Table 229.5: SHELL229 Element Output Definitions
Name | Definition | O | R |
---|---|---|---|
EL | Element Number | Y | Y |
NODES | Nodes - I, J, K, L | Y | Y |
MAT | Material number | Y | Y |
VOLU: | Volume | Y | Y |
XC, YC, ZC | Location where results are reported | Y | 2 |
THERMAL-ELECTRIC ANALYSIS (KEYOPT(1) = 110) | |||
TG:X, Y, Z, SUM | Thermal gradient components and vector magnitude | - | 1 |
TF:X, Y, Z, SUM | Thermal flux components and vector magnitude | - | 1 |
EF: X, Y, Z, SUM | Electric field components and vector magnitude | - | 1 |
JC: X, Y, Z, SUM | Conduction current density components and vector magnitude | - | 1 |
JS: X, Y, Z, SUM | Current density components (in the global Cartesian coordinate system) and vector magnitude | - | 1 |
JHEAT | Joule heat generation per unit volume | - | 1 |
AREA | Face area | 1 | 1 |
HFAVG | Average film coefficient of the face | - | 1 |
TAVG | Average face temperature | 1 | 1 |
TBAVG | Average bulk temperature | 1 | - |
HEAT RATE | Heat flow rate across face by convection | 1 | 1 |
HFLXAVG | Heat flow rate per unit area across face caused by input heat flux | - | 1 |
THICKNESS | Shell thickness | - | 1 |
Solution values are output only if calculated (based on input values).

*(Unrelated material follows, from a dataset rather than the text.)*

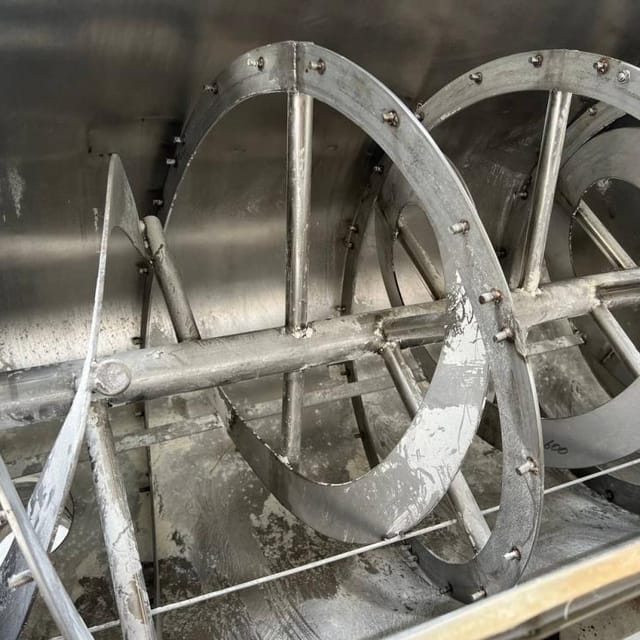 Смеситель 600л инв.12793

Available only at the centroid as a *GET item.
Table 229.5: SHELL229 Element Output Definitions lists output available through the ETABLE command using the Sequence Number method. See Element Table for Variables Identified By Sequence Number in the Basic Analysis Guide and The Item and Sequence Number Table in this reference for more information. The following notation is used in Table 229.6: SHELL229 Item and Sequence Numbers:
- Name
output quantity as defined in Table 229.5: SHELL229 Element Output Definitions
- Item
predetermined Item label for ETABLE command
- FCn
sequence number for solution items for element Face n
SHELL229 Assumptions and Restrictions
Zero thickness layers are not allowed.
The tabular thickness specified by SECFUNCTION is not supported.

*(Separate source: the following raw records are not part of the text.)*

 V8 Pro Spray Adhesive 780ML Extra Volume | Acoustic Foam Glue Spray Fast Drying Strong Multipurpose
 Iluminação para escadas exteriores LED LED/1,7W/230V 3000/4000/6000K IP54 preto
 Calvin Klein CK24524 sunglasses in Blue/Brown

The Mass transport is not supported.
Nonlinear material properties are evaluated at each integration point.
This element may not be compatible with other elements with the VOLT degree of freedom. To be compatible, the elements must have the same reaction solution for the VOLT DOF. For more information, see Element Compatibility in the Low-Frequency Electromagnetic Analysis Guide.

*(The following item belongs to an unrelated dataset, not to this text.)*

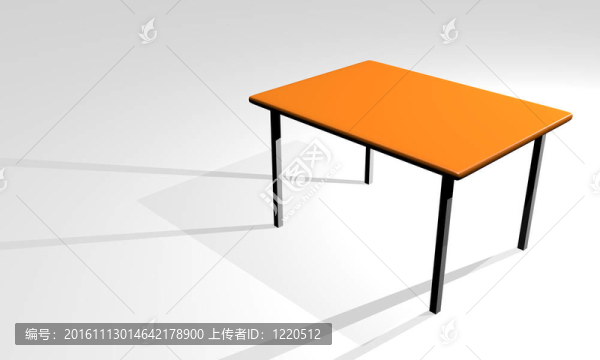 桌子3D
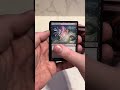Opening a Lorwyn Eclipsed pack! #asmr #lorwynecplised #mtg #packopenings #magicthegathering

Source current density, JS, and Joule heat, JHEAT, are available as both element and layer average values if KEYOPT(8) = 1, and only as element average values if KEYOPT(8) = 0. The layer average values can be accessed in /POST1 by issuing the LAYER command, and in /POST26 by issuing the LAYERP26 command. If either LAYER,0 or LAYERP26,0 is issued, then the element average value is printed.